Accuracy of the motion information

The key points of other people in some frames may be mistaken and incorrectly counted as the key points of the participating children, so we evaluated the mismatch rate to understand the data quality of the collected key points. Up to 100 images were randomly selected for each video and labeled whether the child’s key points obtained by OpenPose matched the child’s position in each image. If the key points did not match the child’s joints and belonged to other people, such key points were regarded as a mismatch. We show the mismatch rate for all samples in Table S3 of the supplementary materials. The mismatch rate of all investigated videos ranged from 0 to 13%, with an average value of 2.58% after using the filtering algorithm. The samples with a high mismatch rate are the videos with a third-person (e.g., a parent/guardian) participation who sometimes covered the children. It is also a limitation of our framework, which can affect the quality of the motion trajectory information.

We believe that 2.58% as the average mismatch rate shows relatively high accuracy, particularly for the complex multi-person interactive ADOS assessment videos. We also found that the accuracy could be improved by using the filtering algorithm. Moreover, with less overlap of the participant and their parent(s), the mismatch rate can be close to 0 regardless of using the filtering or not.

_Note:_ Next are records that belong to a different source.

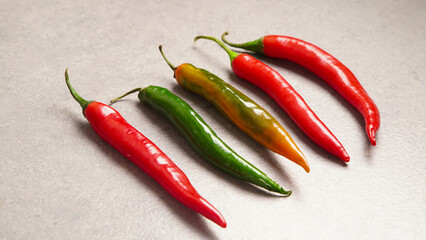 Red and green chili peppers on a gray background. Five pods of hot pepper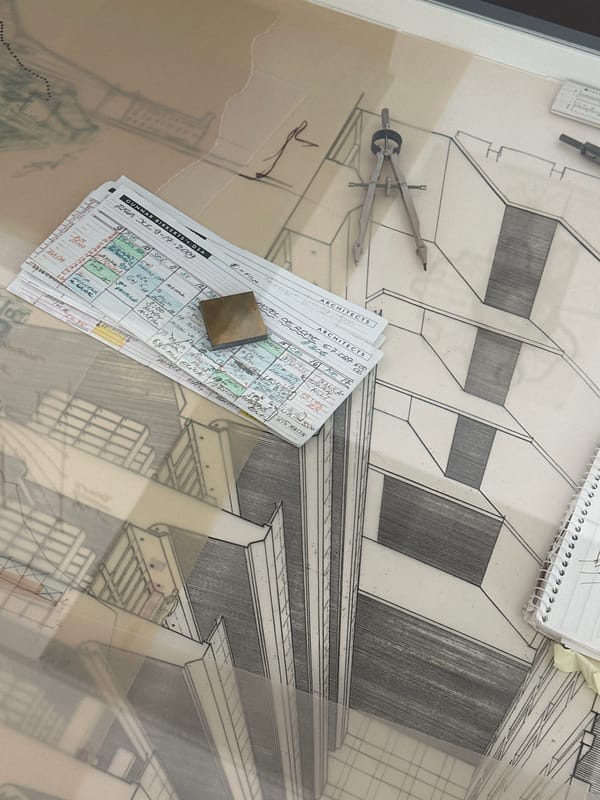 Architect sketches building plans overlooking Riga's historic riverfront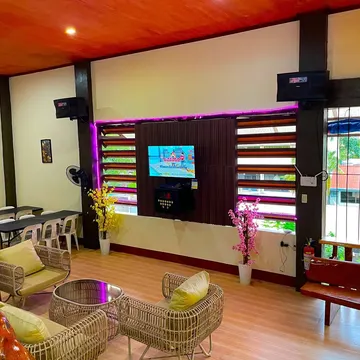Cozy lounge with wicker chairs yellow cushions and purple neon lights around a karaoke screen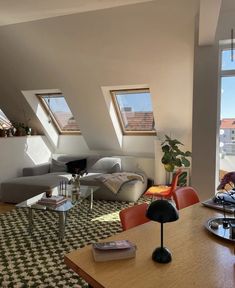 a living room filled with lots of furniture and windows next to a wooden table in front of a window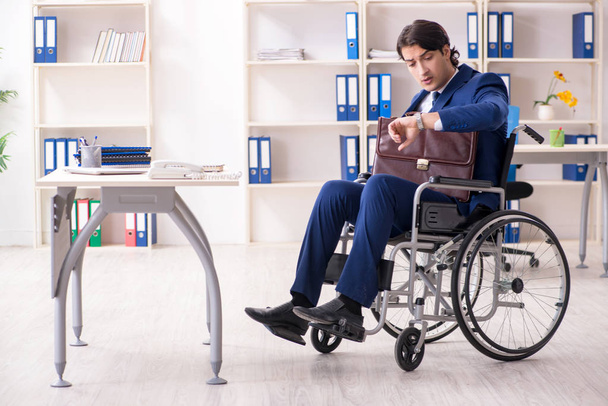 Молодий чоловік працівник в інвалідному візку працює в офісі
  - Фото, зображення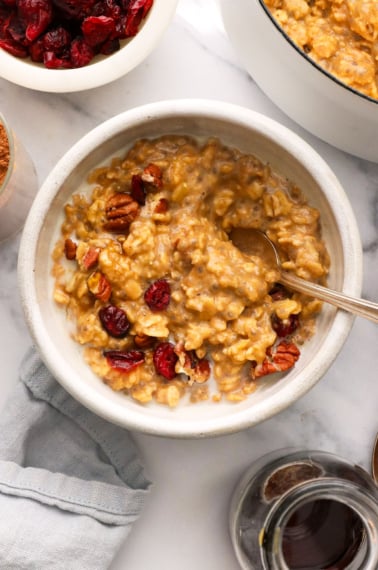 pumpkin oatmeal stirred with cranberries and pecans in a white bowl.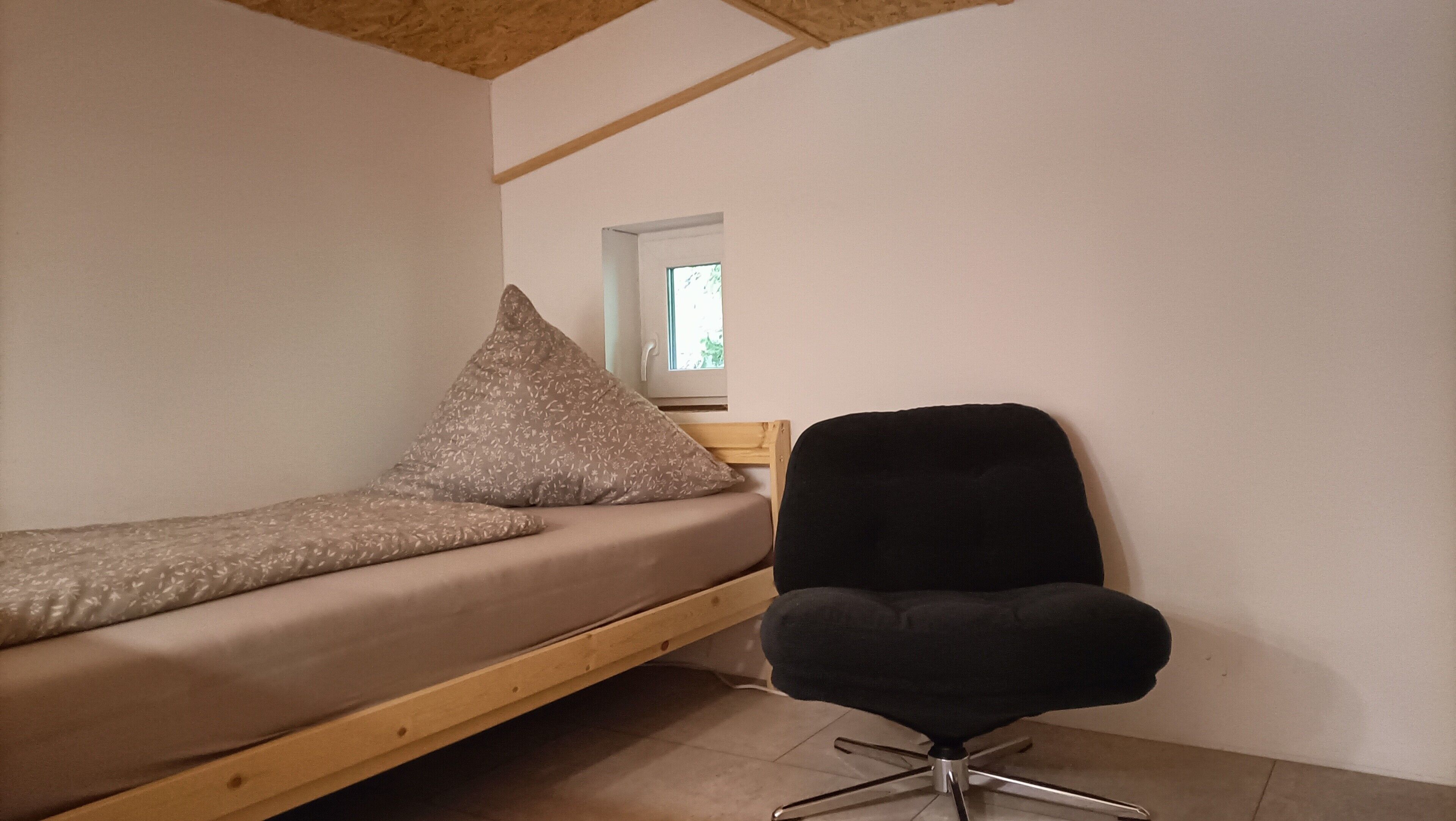Ein kleines Zimmer mit einem Einzelbett, einem Sessel und einem Fenster.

Discussions and conclusions

ASD is a neurodevelopmental disorder that affects about 2% of children, leading a heavy burden to the family. Driven by the shortage of clinicians, a convenient and effective tool for ASD diagnoses is in urgent need. The present study developed a video-based approach leveraging computer vision and machine learning techniques to effectively assess the MFs and objectively estimate the activity level of children with ASD. We chose the videos from ADOS to identify four MFs based on PD and IPV from three parts of the body (neck, right wrist, and middle hip). We analyzed the association between the quantity of MFs and their activity level by calculating the SCC between MFs and activity level scores given by clinicians.

Summary of results

Our results show that the present framework could quantify human movement from ADOS videos, and the best performance appeared in the PD-based MFs (${L}_{mean}$ and ${L}_{std}$) of all three studied key points and the IPV-based MF (${\delta L}_{mean}$) of the right wrist in the Table-play activity. We discussed the results below and presented our opinions.

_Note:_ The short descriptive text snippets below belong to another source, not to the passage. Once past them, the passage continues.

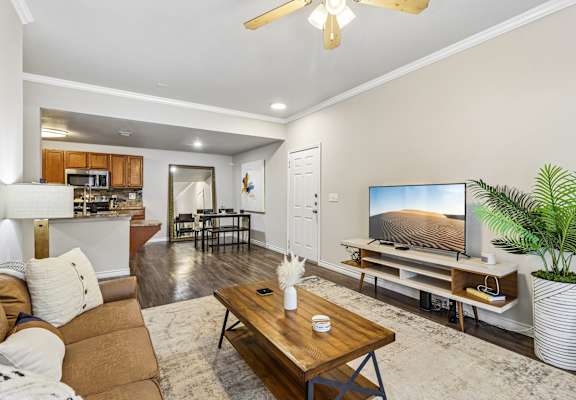 A living room with a brown couch, a wooden coffee table, and a flat screen TV.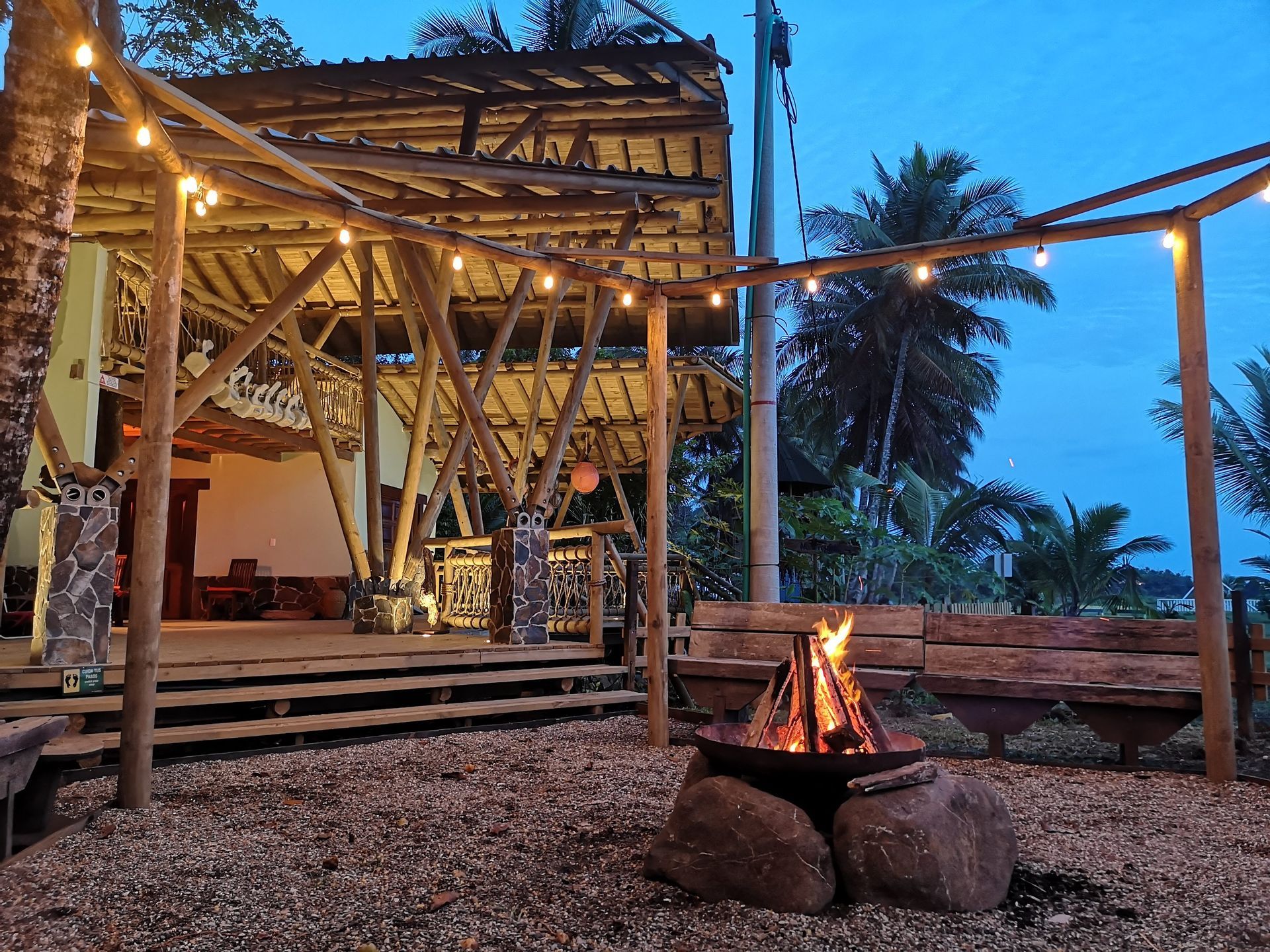 Outdoor fire pit beside a bamboo hut at dusk, with string lights and a palm tree in the background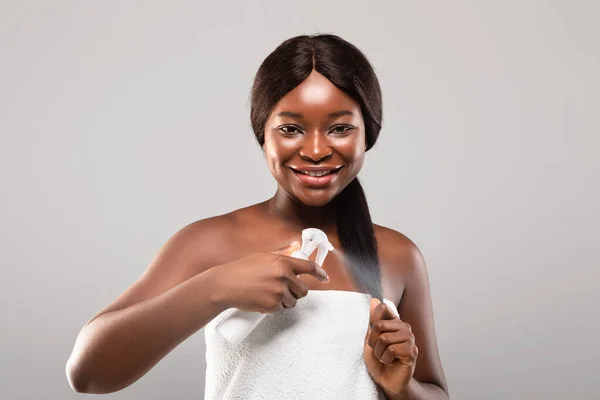 Щоденний догляд за волоссям. Портрет усміхненої афроамериканки, що застосовує зволожуючий спрей для волосся — стокове фото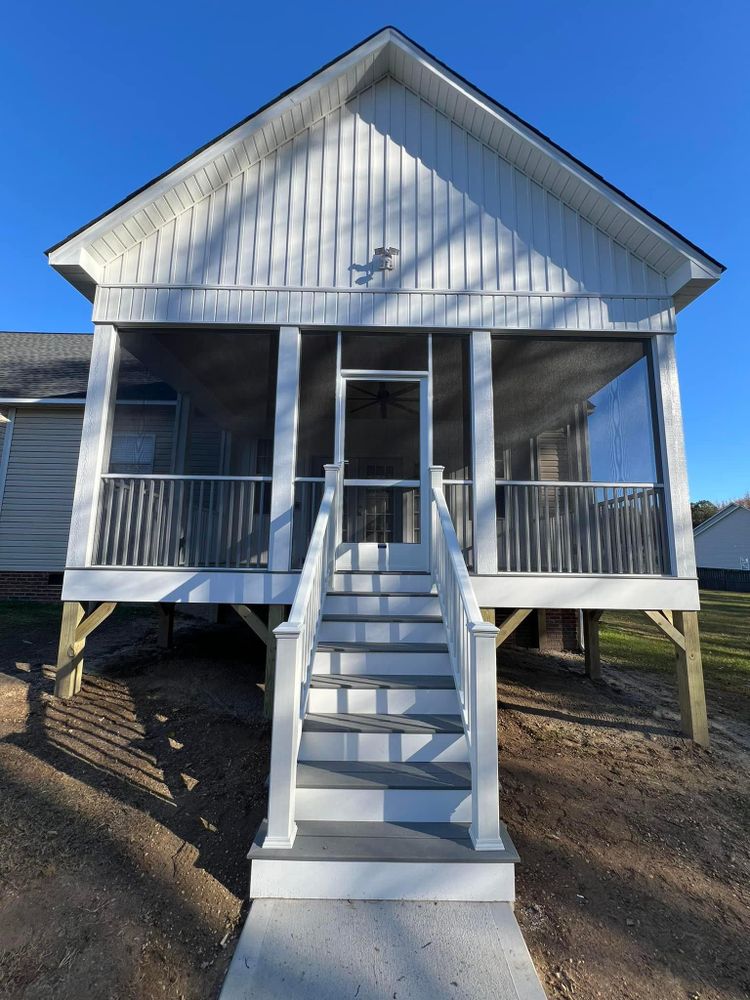 Transform your outdoor space with our beautiful screened in porches and decks, offering durable materials such as Trex decking, customized designs, and professional craftsmanship to enhance beauty and functionality in your home's exterior oasis. for Johnson Carpentry & Remodeling LLC in Four Oaks,  NC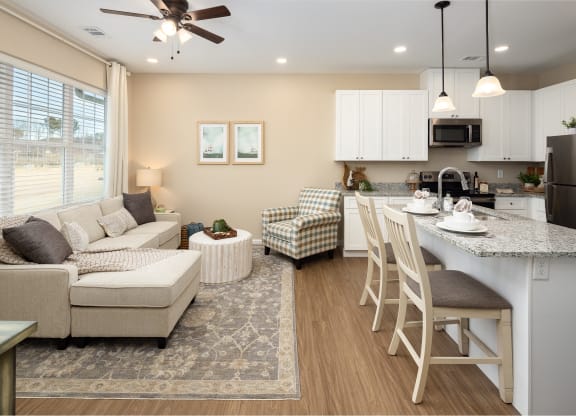 a living room and kitchen with a couch and a table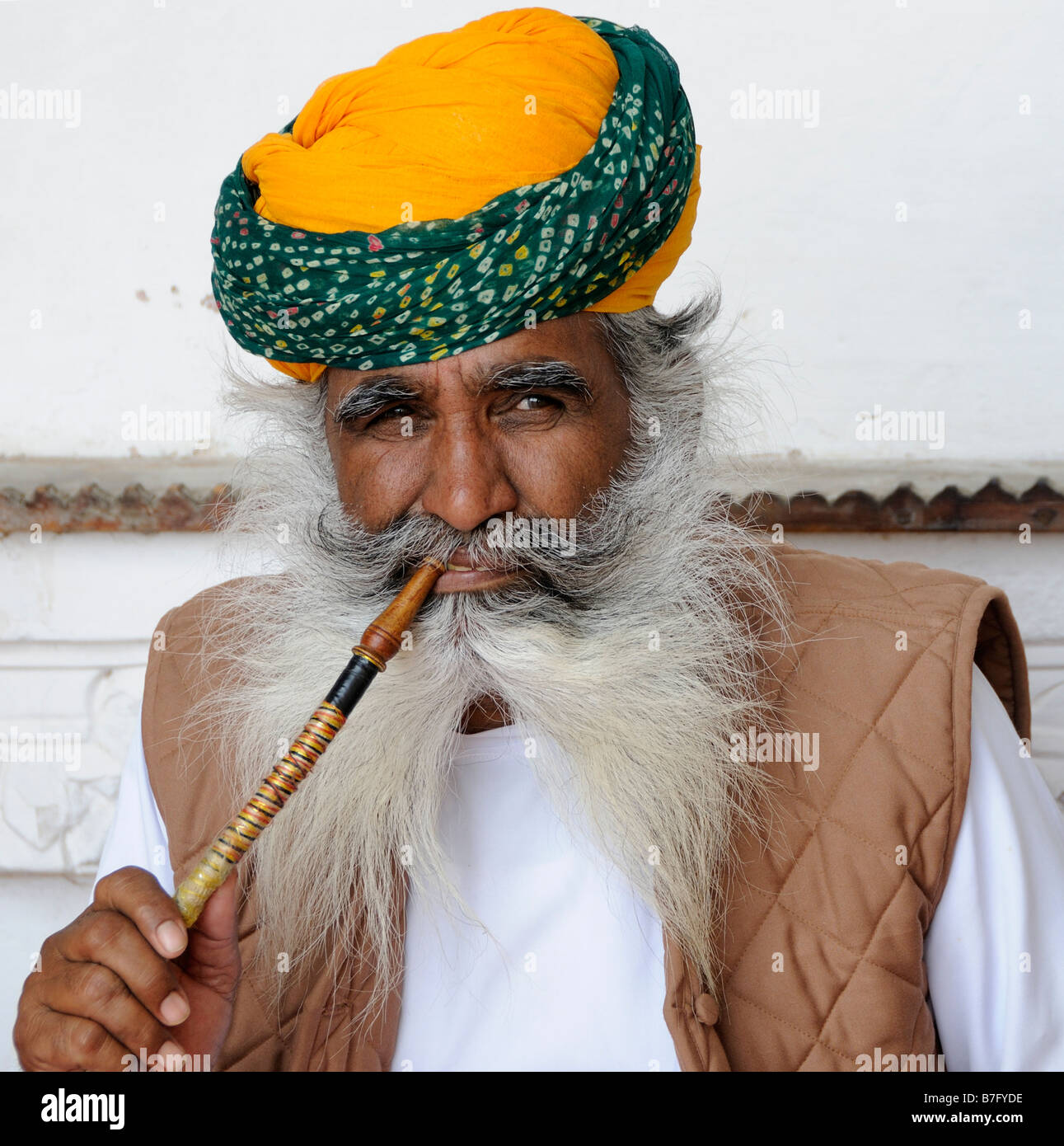 A roguish man with long grey whiskers, beard and moustache and an orange turban poses for tourists Stock Photo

Regarding different activities

Our results demonstrated that the MFs in the Table-play activity strongly correlated with activity level scores. The Table-play activity we defined combined five activities where clinicians require the children to sit near the table to join. Clinicians score children’s activity levels by observing their performance in activities, e.g., whether they can sit or stand properly to participate in the assessment^1,4, see Table 1. This evaluation method is similar to two hyperactivity-related studies implemented in Refs. 26 and 27, in which children are required to participate in continuous performance testing (CPT). Both assessment activities (CPT and Table-play) require children to be able to participate in a designated location. In comparison, the correlations between MFs and activity level scores were lower in Balloon-play and Bubble-play, in which the children were encouraged to move around. The above discussion suggests that the MFs in our defined Table-play activity are highly associated with clinical judgments and can reflect children’s actual activity levels.

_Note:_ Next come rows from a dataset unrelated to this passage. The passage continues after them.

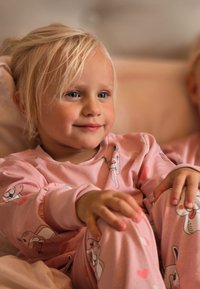 Pink cotton pajamas featuring playful animal patterns, with gathered sleeves and cuffs, worn by a child seated comfortably.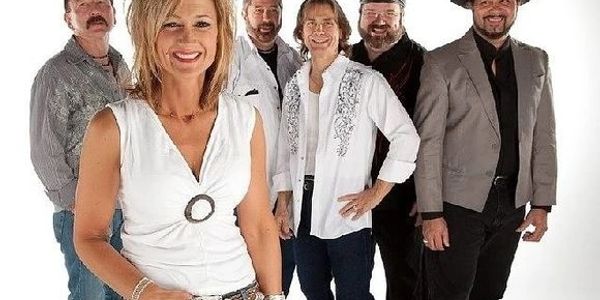 A smiling woman stands in front of five men in casual and semi-formal attire.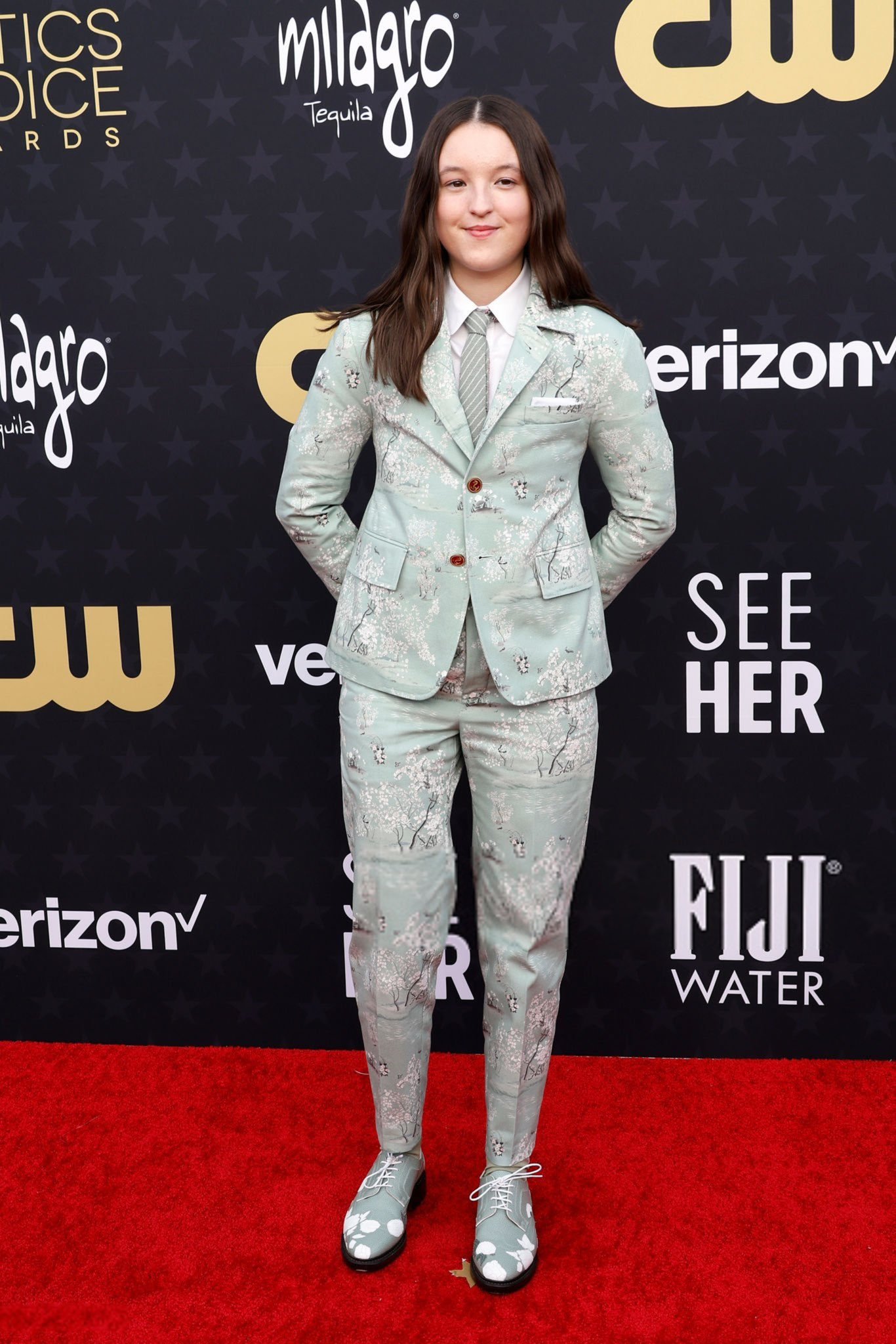 Bella Ramsey está em um tapete vermelho, usando um terno claro com estampa floral.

The duration of the game activity may also be a factor in evaluating the correlation. The Joint-attention and Birthday-party are parts of the Table-play and hence obviously shorter than the Table-play. Especially, the Joint-attention activity spends 1.08 min on average (see Table 2), around one-tenth of the Table-play activity. As shown in Fig. 4, there are many outlier points in the Joint-attention activity, which cannot stably reflect the activity level of the participating children. It implies a longer assessment time may result in fewer outliers and easier for converging to a normal distribution, leading to a higher correlation between the MFs and activity level. This finding is similar to the outcome from Li et al.²⁷, which shows mean function of the activity level of the ADHD group slightly increased over time with high dispersion when the evaluation time was longer ~ 7 min compared to the healthy control groups. Therefore, we hypothesize that when studying children’s activity levels through the ADOS videos, the duration of the activity should be long enough to get more reliable results.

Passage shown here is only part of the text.